I thought it would be fun to do something different.

How do you drill a 1/4 inch hole directly through the center of a common rubber stopper?
I need this for a woodturning tool I am making, thus the reason it is posted here.

The challenge:

…describe the fabrication method and tools needed to drill a near-perfectly centered and formed 1/4" hole through a rubber plug whose large end is 1" in diameter and the small end is 7/8" in diameter.

Full disclosure I already accomplished this but wondered how many ways this can be done…

As a chemist I’ve used specially made hole cutters to cut holes in rubber stoppers.
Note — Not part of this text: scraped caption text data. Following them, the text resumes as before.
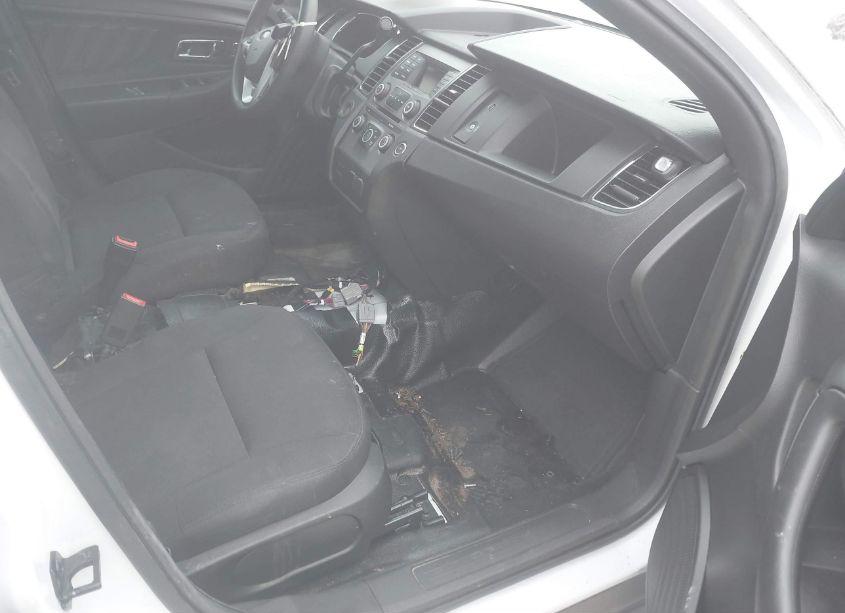 Photo 5 of 2018 Ford Police INTERCEPTOR (VIN 1FAHP2MK0JG136049)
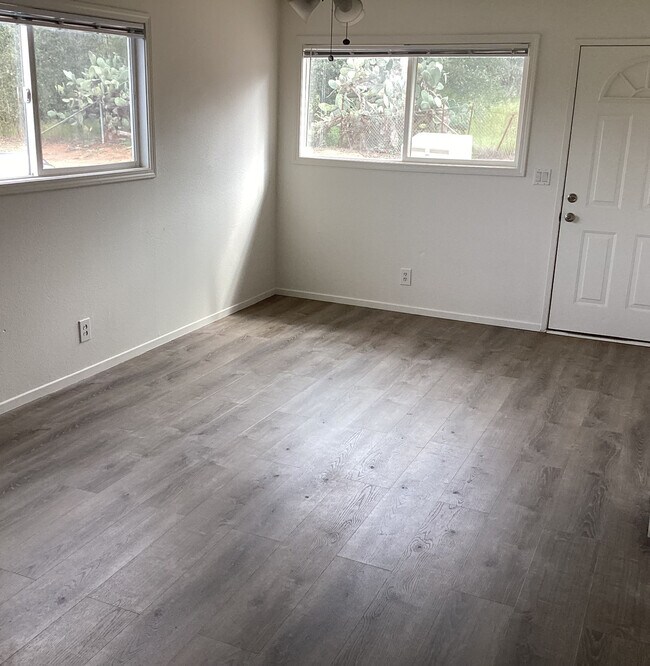 Building Photo - 30138 Miller Rd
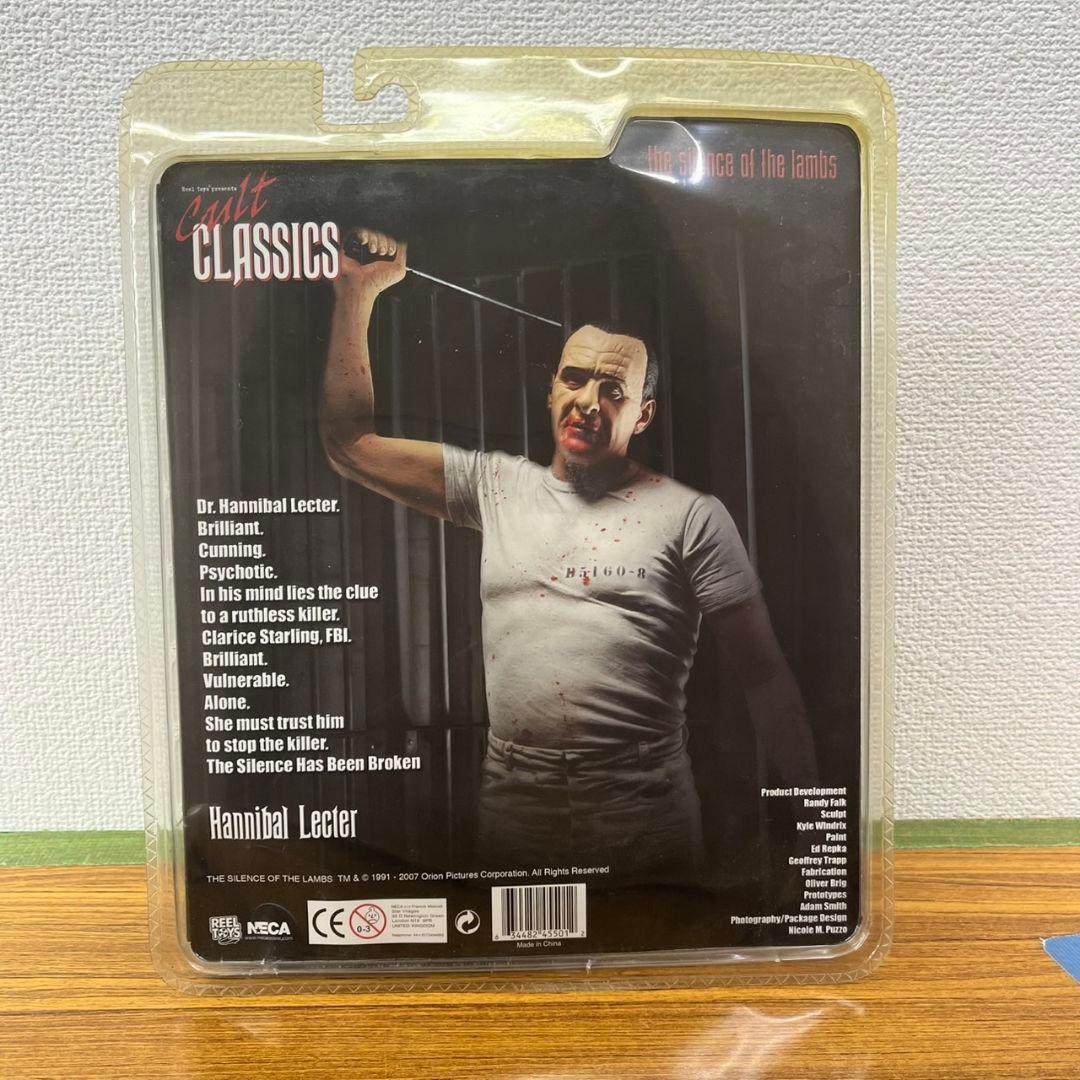 Hannibal Lecter フィギュア NECA Cult Classics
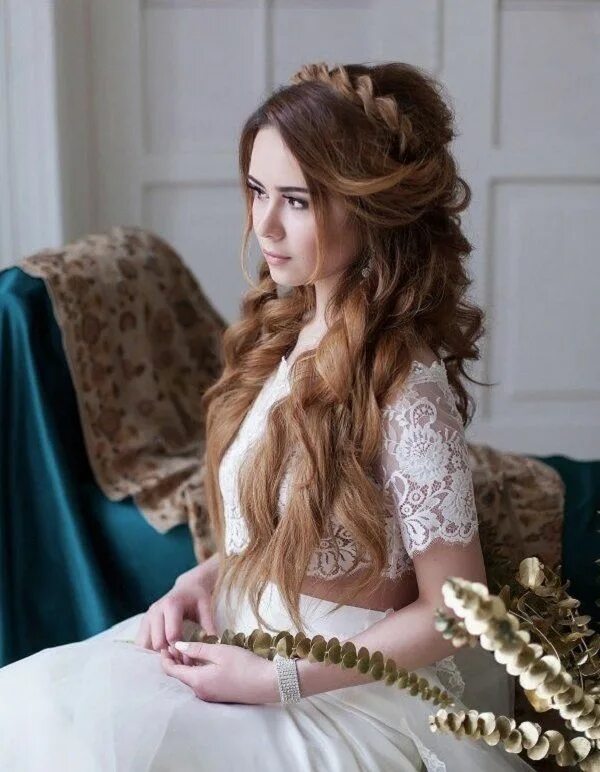 Прическа на свидание на длинные волосы 20 Prettiest Wedding Hairstyles and Wedding Updos Princess hairstyles, Medieval 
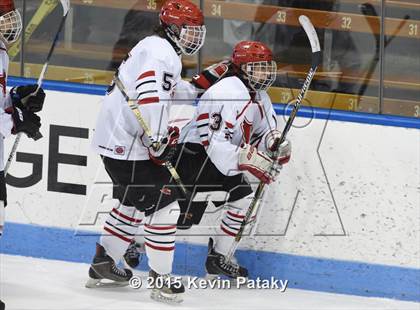 Thumbnail 3 in Glastonbury vs. Greenwich (CIAC D1 Semifinal) photogallery.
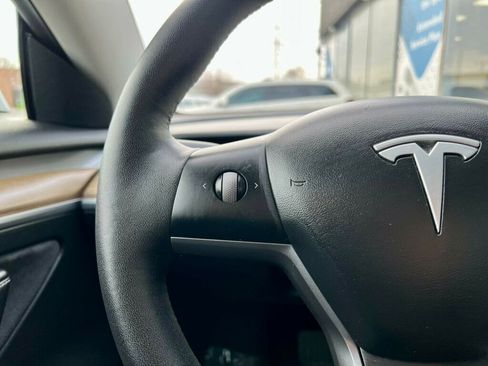 Used 2022 Tesla Model 3 Long Range image 16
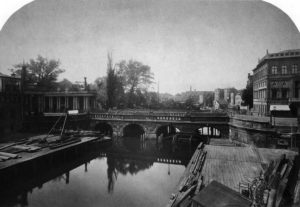 Die Königsbrücke mit den Königskolonnaden um das Jahr 1872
https://www.ebay.com/i/184329009191

For exact centering I guess I could laser cut a washer like jig to center the hole cutter? Hard to get a perfecting aligned hole with a plug cutter by hand though.

Make a hole cutter from some tubing and mount everything in your lathe maybe?

Laser cut it? How thick is the rubber?

Lathe is the most obvious to me, but I’ve done something similar by 3d-printing a jig to align the part and the bit.

The top is 1" and the bottom is 7/8".

I learned the following:

  • A twist drill will not drill cleanly, very grabby.
  • A Forstner bit cuts extremely well.
  • If any part of the wall of the plug is unsupported it will distort and not drill straight.

My solution after a few attempts at other methods. On the lathe with a tapered hole in a jam chuck drilled with a Forstner bit in a jacobs chuck.